Date: September 24, 2008
Contact: Lindsay Gladstone
Governors State University
Phone: (708) 534-7090
Fax: (708) 534-8399
For Immediate Release
University Park, IL, September 24, 2008 – More than 50 social work field instructors from agencies throughout the metropolitan Chicago area met at Governors State University recently to discuss the parameters of their work as field instructors of students in the university’s social work program.
“Our field instructors guide, mentor, and teach our social work students during their field placement. Their work helps our students apply what there are learning in the classroom in the field” says Jo Anne Smith, Director of Field Education for the School of Social Work at GSU.
Students in both undergraduate and graduate level programs are required to apply their knowledge in two different off campus placements over two years. Social workers in the community volunteer their time to serve as field instructors and are an integral part of the program. GSU students gain practical experience working in social service agencies, within the juvenile and family court system, at hospitals, in schools, and at counseling centers. They work with communities, groups, families, adults, and children.
“Our field supervisors guide students in the practical world of social work. The field experience becomes a bridge from classroom to the community for our students. To be effective as future social workers, it is important that they learn on site in a supervised setting. It is a progressive process. As they experience more, they become more adept and able to move to the next level. The field instructor’s guidance and supervision is invaluable,” says Smith.
According to Abigail Lawson-Archer, Supervisor, Foster Care at Easter Seal Joliet Region, “The real world does not always work the way students learn in the classroom. In the field, they learn to work with different people, in complex systems, in difficult situations. They learn that what they plan for the client may not be the only plan.”

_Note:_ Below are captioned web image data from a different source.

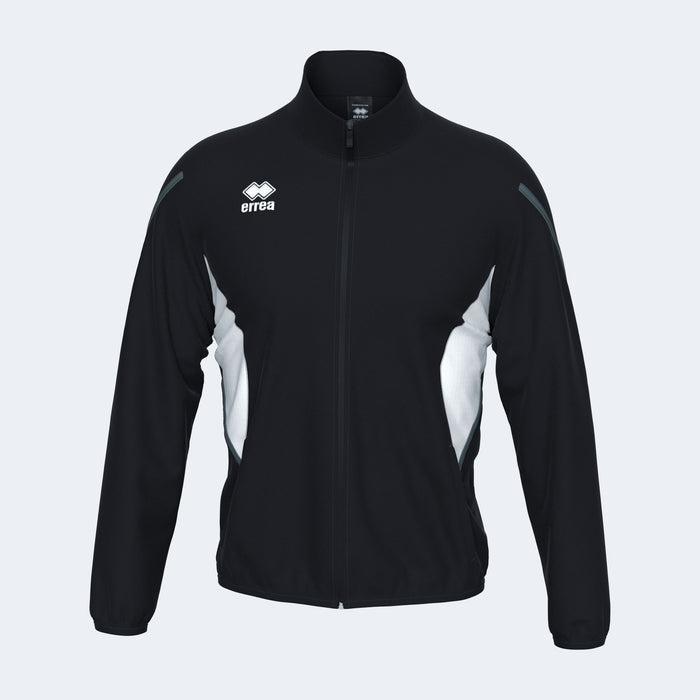 Errea Christopher Jacket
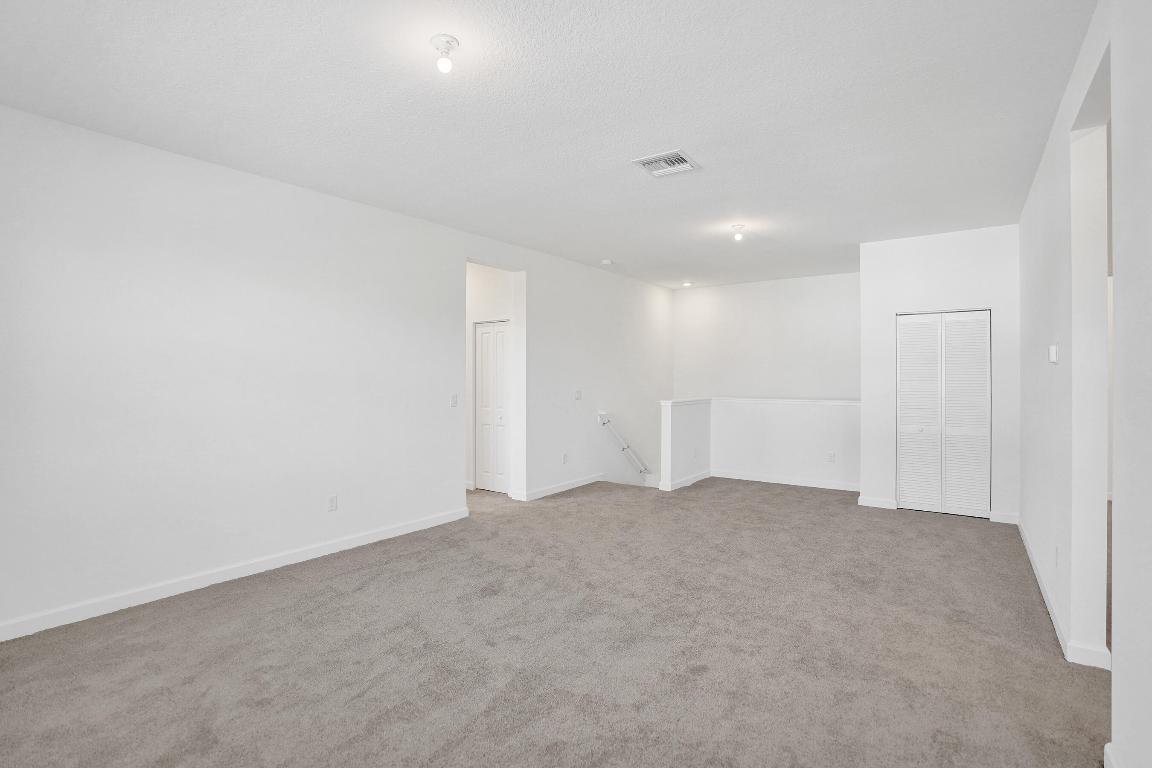 BOYNTON WATERS WEST 1 - Residential Lease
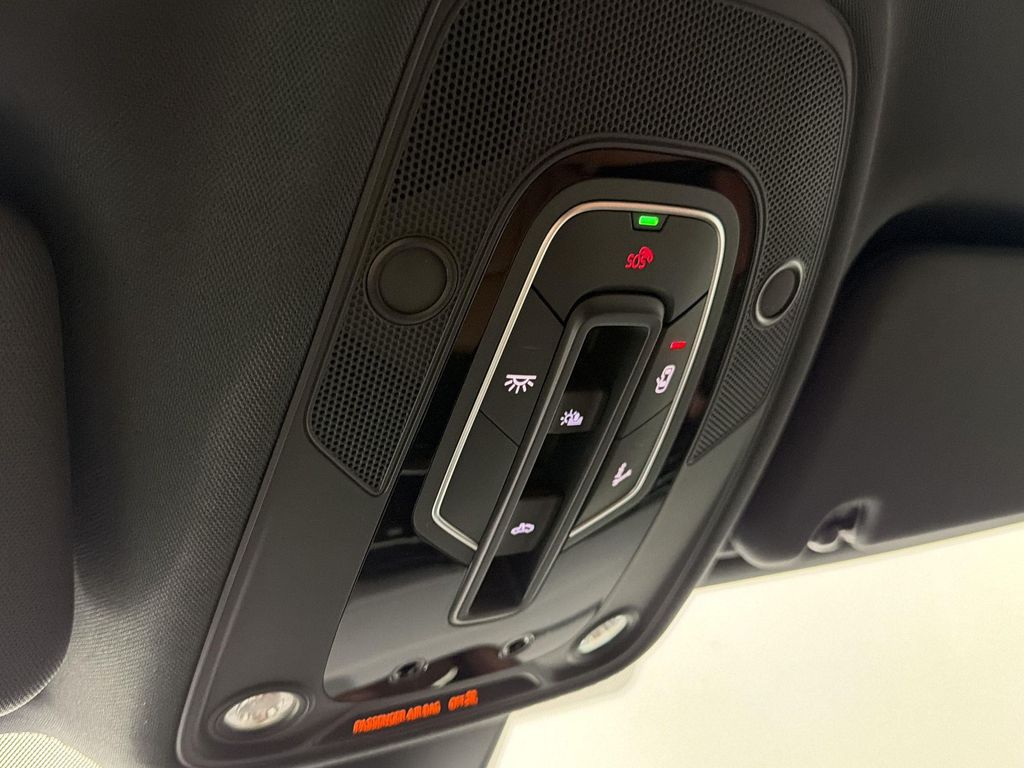 صورة مصغرة 18 لـ 2026 AUDI Q7 55 PREMIUM PLUS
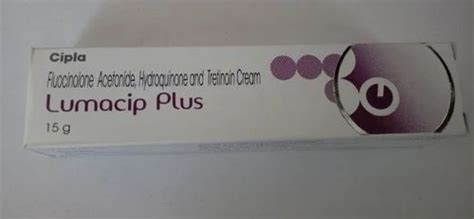 Anti Acne Medicines - Ematra Tretinoin Capsules 100% Export Oriented ...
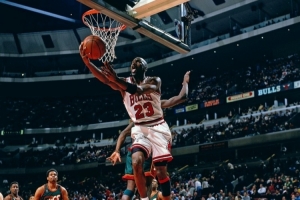 球員技術(shù)進(jìn)步了？阿泰：只是現(xiàn)在規(guī)則允許你比以前多走一步而已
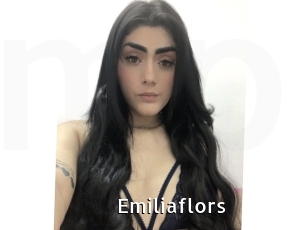 Emiliaflors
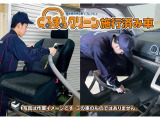 RAV4 2.5 ハイブリッド G E-Four 4WD 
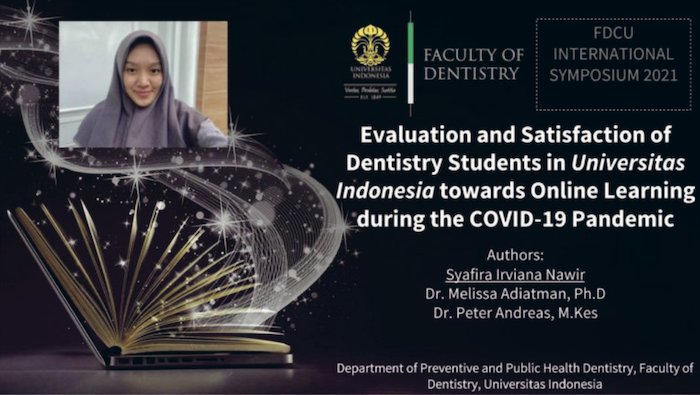 Observer_ID's tweet photo. Nabila Daneta and Syafira Irviana take 3rd place in Thailand https://t.co/ti9Pg3zWXl #OBSERVER https://t.co/6PfimHSQ0Y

During the orientation, the field instructors heard a presentation by Kathleen Bankhead, Chief of the Juvenile Justice Bureau for the Cook County State’s Attorney’s Office. Bankhead praised the field instructors’ dedication to the social work students and encouraged them to continue their important work in the community in her presentation, “Anchoring Families: Securing Our Own Future.”
A panel response to her presentation by Gerri Outlaw, Chair of the Department of Social Work at GSU; Ray Mosby, a field instructor from Aunt Martha’s Youth Services; and Michelle Cuebas, a field instructor from Rite of Passage in Merrillville, Indiana, generated a discussion concerning the struggles faced by social workers in their work to help anchor families in the community.
“You know what is right for families. You know what is right for kids. Think of how they can be helped,” added Bankhead. “These may be helpless individuals, for personal or societal reasons, and they are counting on you to help them survive.”